Nube de polvo

Miguel-Anxo Murado
Miguel-Anxo Murado VUELTA DE HOJA

OPINIÓN

Edgardo Carosía

23 oct 2023 . Actualizado a las 13:39 h.

Espero ver hoy esa imagen un tanto surrealista, casi distópica, del paso de los rebaños ovinos por Madrid. Como todos los otoños, se celebra la Fiesta de la Trashumancia, que consiste en que un millar de ovejas merinas (a las que se tiene buen cuidado de no mezclar nunca con churras) recorren las calles del centro de la capital, como una insurrección animalista de pesadilla o la materialización del cómputo de un largo insomnio. Resulta hipnótico verlas pasar como una marea de lana sucia, como de oveja mal vestida, pronunciando obsesivamente la letra «b» por entre los comercios y los bares de la Calle Mayor, por la Puerta del Sol, por el paseo del Prado que ya no es un prado, rodeando la estatua de la diosa Cibeles. Y allí, frente al Ayuntamiento, a la fresca sombra neoplateresca del grandioso edificio que trazó Antonio Palacios, los rebaños esperarán luego, mientras se celebra el viejo ritual en el que los pastores pagan al alcalde el impuesto por conducir ganado a través de la ciudad: 50 maravedíes de oro (son precios de 1418). Es un recuerdo contante y sonante del tiempo en que los Hombres Buenos del Honrado Concejo de La Mesta, como se llamaban a sí mismos sin falsas modestias, se habían ganado el derecho de paso por tantos pueblos y ciudades de España; entre ellos Madrid, que es una antigua cañada, un lugar de paso en el que el tráfico ha sido denso desde al menos la Edad Media.

Hubo un tiempo en que casi toda la Península estaba surcada, como las rayas de la palma de la mano, por esta red de caminos pecuarios diez veces más larga que el ferrocarril. Por ella se movían los símbolos pascuales al ritmo de las estaciones, con los pastores y su cultura sin patria basada en migas con chorizo, melodías de ocarina y soledad. Recorrían las veredas, las galianas, las cabañeras, los cordones que se ensanchaban en los descansaderos y se estrechaban en los contaderos. Es la infraestructura que había organizado aquel rey obsesionado con la taxonomía que era Alfonso X, y que, igual que escribió su poesía gallega, garabateó sobre el pergamino que es Castilla (incluso en color y textura) esa otra cantiga de la trashumancia, que también rima con la rima asonante del otoño y la primavera. La cañada fue durante siglos el Camino de Santiago de la oveja, el senderismo gobernado por el frío y el pasto, una gigantesca nube de polvo que se movía de norte a sur y de sur a norte. Luego, no hace tanto de esto, las ovejas empezaron a viajar en tren y en camión, y se quedaron solos esos caminos que el tiempo ha ido borrando. Porque el camino, que es una manifestación visible de la rutina, siempre tiende a desaparecer si nadie lo pisa. Quedan tramos salpicados aquí y allá, señalizados con indicadores de madera para los turistas y los ciclistas, mientras los abrevaderos y los mojones se van convirtiendo en arqueología. Y quedan, en fin, representaciones como esta de Madrid, en las que el mundo moderno concede su minuto de gloria al pasado.

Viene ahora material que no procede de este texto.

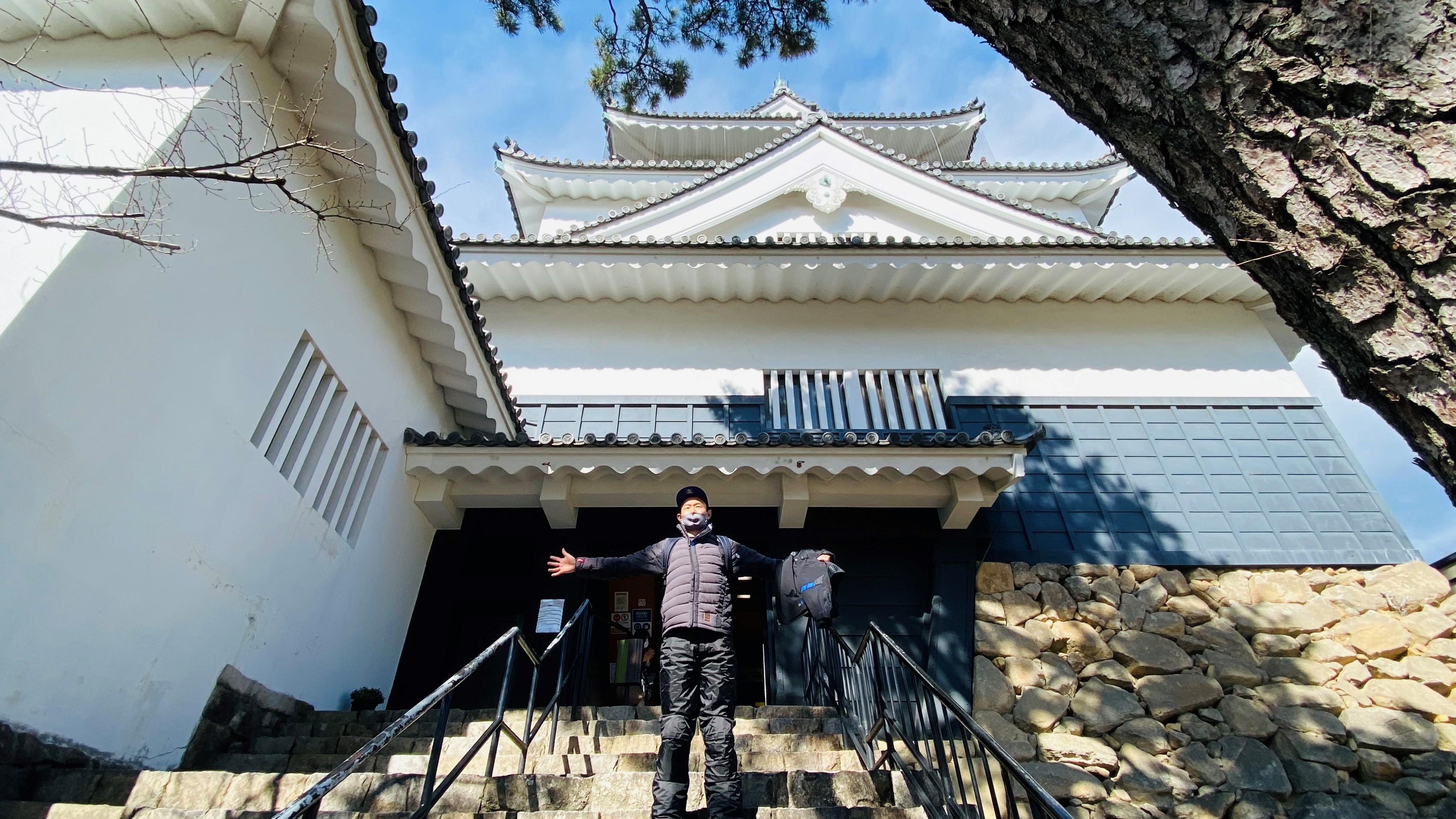 岡崎城を満喫し、パワーを頂戴した気持ちです。写真は全身でパワーを集めるの図です。
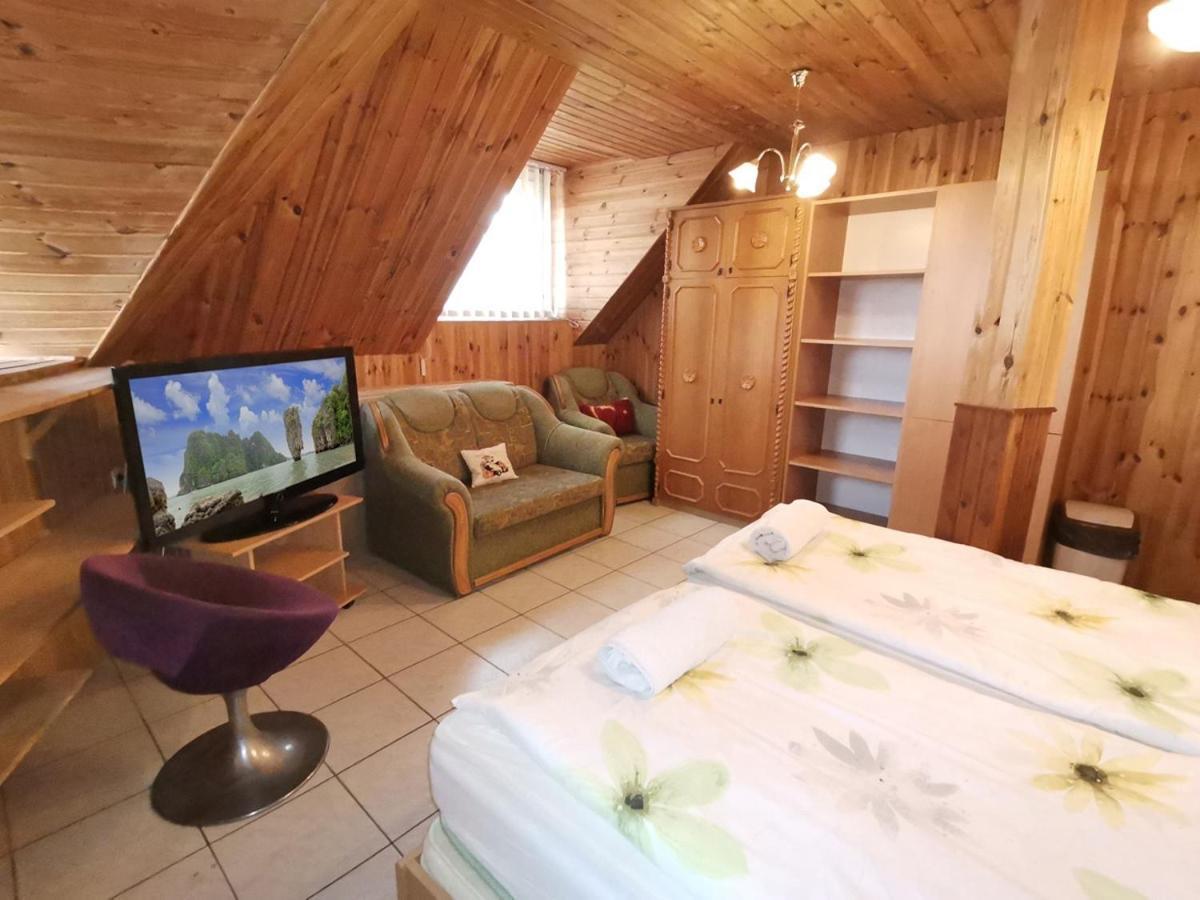 Patko Fogado Bed & Breakfast Hajdúszoboszló Dış mekan fotoğraf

De modo que llegarán hoy los rebaños a Madrid, y los corderos mirarán a todos lados al pasar por el centro de la ciudad, con esos ojos de cordero degollado que tienen los corderos incluso cuando están vivos, extrañados de la altura de los edificios, de su arquitectura alfonsina, modernista o racionalista. Quizás los aplausos les asustan, pero enseguida se acostumbran. En su mente, diseñada para temer el ruido, la noche y al lobo, me pregunto qué significará una ciudad. Y me respondo: un lugar donde la hierba está museizada en las glorietas, los caminos no levantan polvo y los perros no tienen que trabajar para vivir.